Her breath is sure and steady when she breathes an answer. "I can think of no better way to go."

He nods, and moves to turn toward the path that will lead them to the Deep Roads. She catches the material of his sleeve in her grasp. And she knows no other way to be but to be honest and forward and vulnerable. "I'm scared, Sten." Her words are an intake of breath that burns her lungs in admission. This is not how she wants to end this life.

Sten looks back at her, glances at her hand gripping the sleeve of his uniform tightly, the slight quivering and shudder to her shoulders, the fragile, almost certain break he expects to find on her features. He turns to her.
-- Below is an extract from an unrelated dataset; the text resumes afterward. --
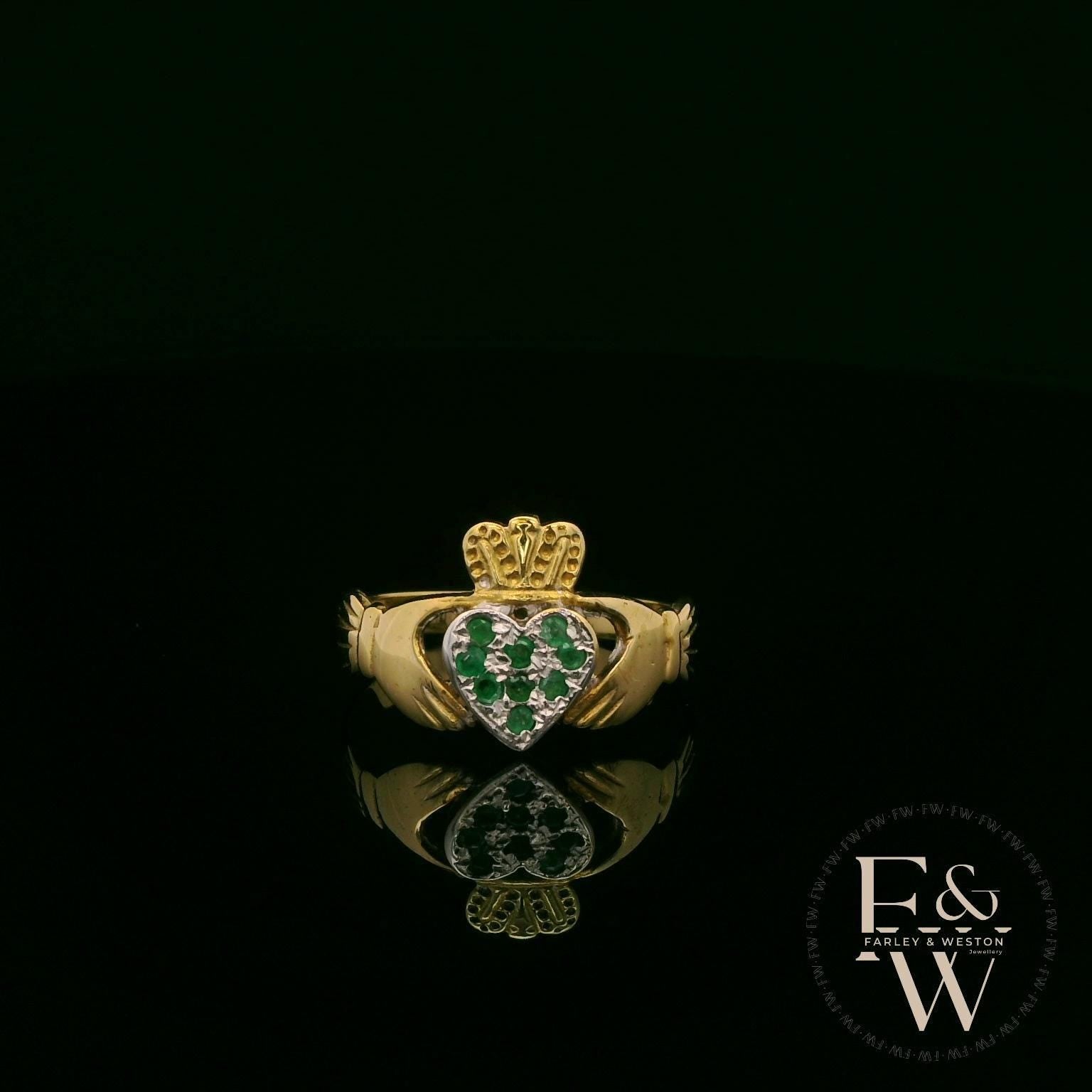 Bague Claddagh en or jaune 9 carats ornée d'une émeraude en forme de cœur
There is nothing about this woman that speaks of weakness to him, nothing that marks her as worthless or feeble or undeserving. There is only certainty. Sure and knowing and painful in ways that make her sacrifice of herself every day. There is only a warrior's soul. There is only promise and steadfastness and the knowledge of oneself, sometimes in the most agonizing and vulnerable ways. But it is fully. And whole-heartedly. And without demand. It is the unflinching offering of herself in everything that she does, that humbles him. That urges him to greater heights himself.

She is waiting, hoping, fearing, when he moves his hands to hold her head, closing his eyes as he lets his words wash over her. "Ataash varin kata. We all die, kadan. There is purpose even in this. Let your death be a warning to the darkspawn, that they should tremble at your memory. Let your death be a presence none may dispute, much as your life has been. May you mark the ground upon which you die, that no man may leave unchanged, untouched, unmoved."

Meran takes a steady breath in. There is something that stirs within her, something that moves against her fear. Something that makes her breathless and anxious and trembling. She reaches a hand up to his sleeve and grasps at his arm. Holds him steady to her as he continues to speak.

"May your time here be remembered. May your words be heard. May your breath be felt. May your life have purpose. May you leave this world without wanting, without needing, without doubting. And may the Qun embrace you in death as you have embraced it in life."

There is no need to delve into the semantics, no need to dig in and uncover the simple, pointless differences in their personal beliefs. In this moment, they are both awed and reverent and devoted. They are both ready to face the Beyond, should it call to them tonight. They are both unafraid. They are both powerful. They are both victorious.

Meran opens her eyes to find Sten watching her quietly. Her grip tightens on his arm and he moves his hands from her head to pull her bodily into him. Her small, elven hands are pressed against the cool metal of his breast plate, her face buried in his shoulder, her sobs small and quiet against him.

He holds her tightly and steadily to him, breathes into her hair, speaks with hidden tenderness. "Fight as you will, kadan. I will carry you home."

She feels the dark corruption swirling within her, feels it fester and claw and devour. She feels her own slow dying.

She blinks away the hot tears and looks toward the welcoming gaping maw of the Deep Roads.

And she knows she will win this fight.